■ **PROBLEM TO SOLVE**
Pictures appear among the records below and must be omitted. Repeat exactly the lines from the line with "Rileva Intrusi 360°" to the line with "Gold Plated Claddagh", both included.

Start of AVAILABLE RECORDS

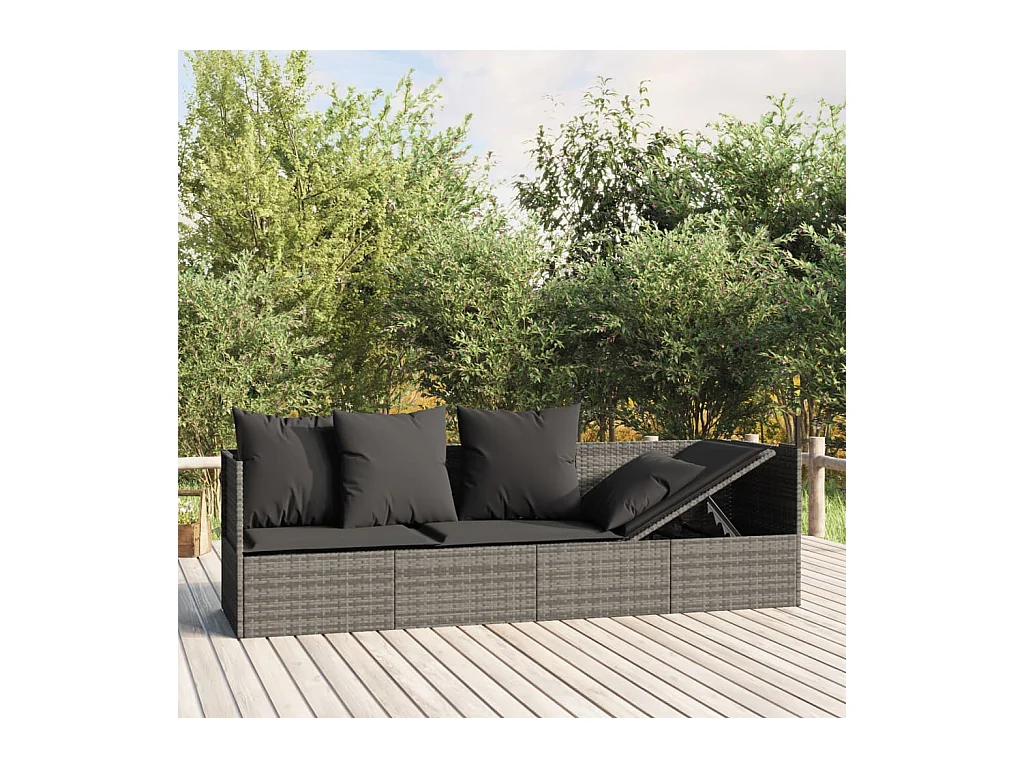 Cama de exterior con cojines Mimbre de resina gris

End of AVAILABLE RECORDS
Start of AVAILABLE RECORDS

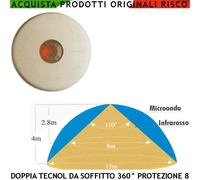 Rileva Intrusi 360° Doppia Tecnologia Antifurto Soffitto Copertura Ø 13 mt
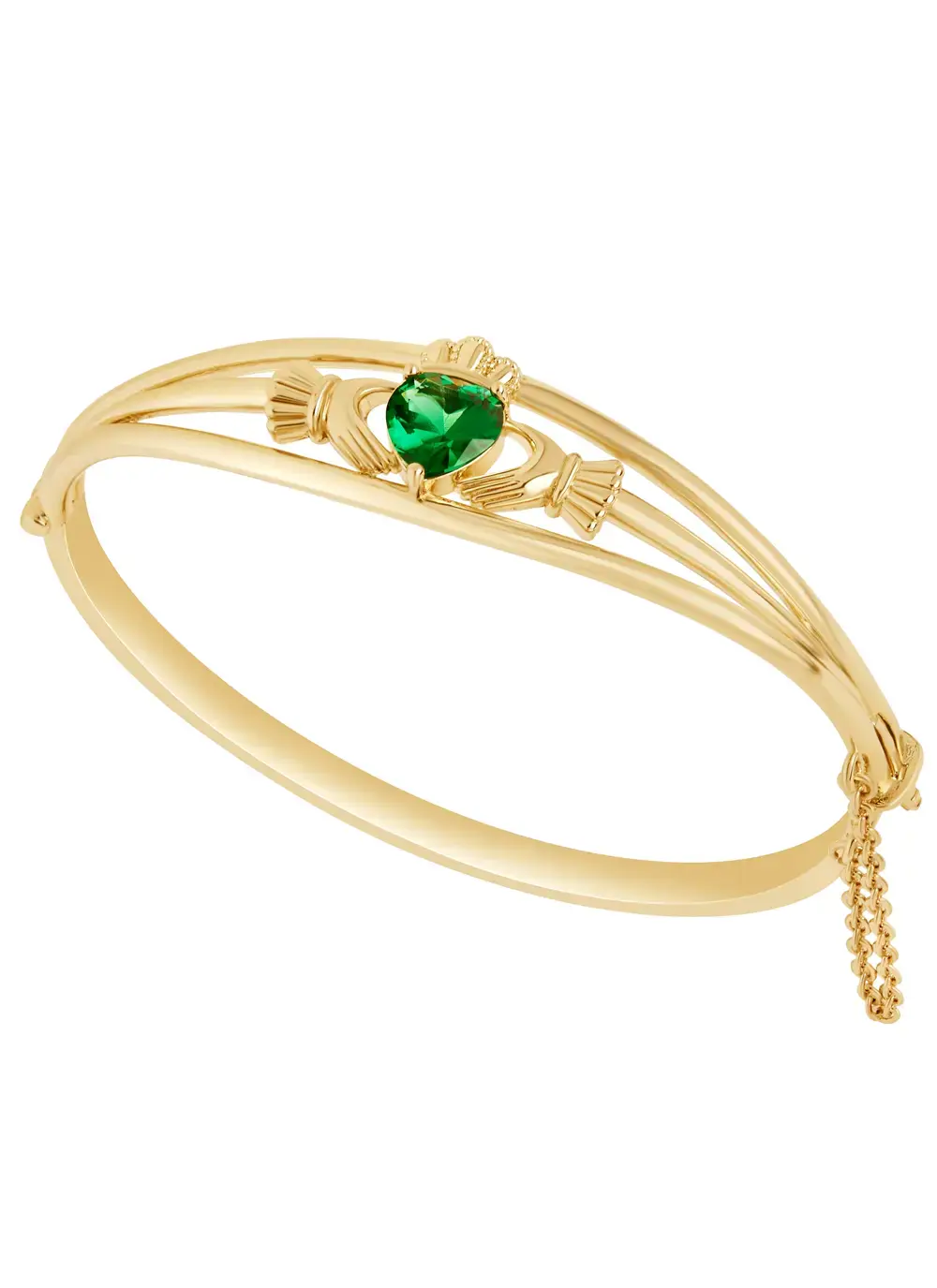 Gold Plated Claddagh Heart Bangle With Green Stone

End of AVAILABLE RECORDS
Start of AVAILABLE RECORDS

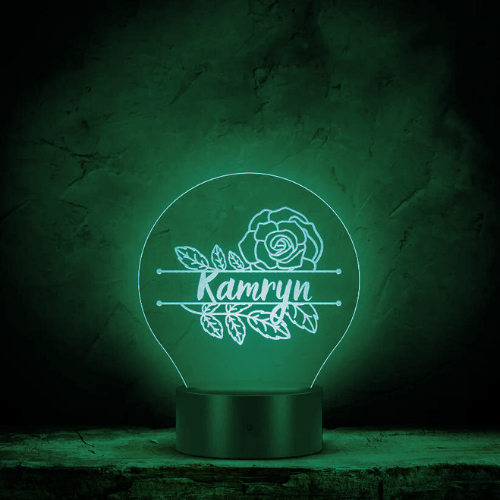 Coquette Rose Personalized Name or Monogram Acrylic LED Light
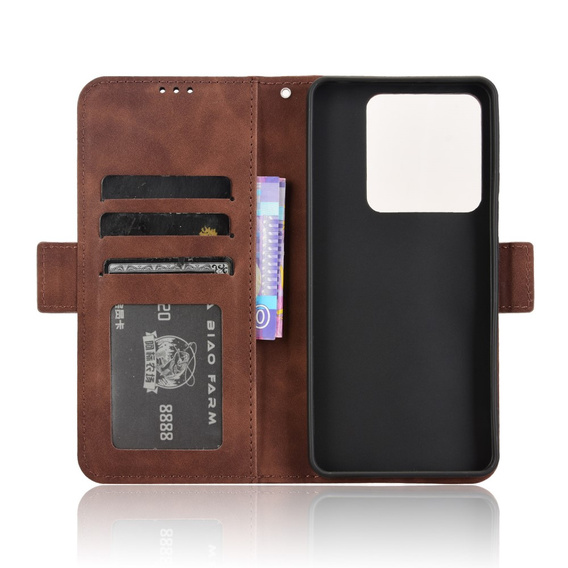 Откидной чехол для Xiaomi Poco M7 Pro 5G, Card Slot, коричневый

End of AVAILABLE RECORDS

■ **OUTPUT BELOW**
 Rileva Intrusi 360° Doppia Tecnologia Antifurto Soffitto Copertura Ø 13 mt
 Gold Plated Claddagh Heart Bangle With Green Stone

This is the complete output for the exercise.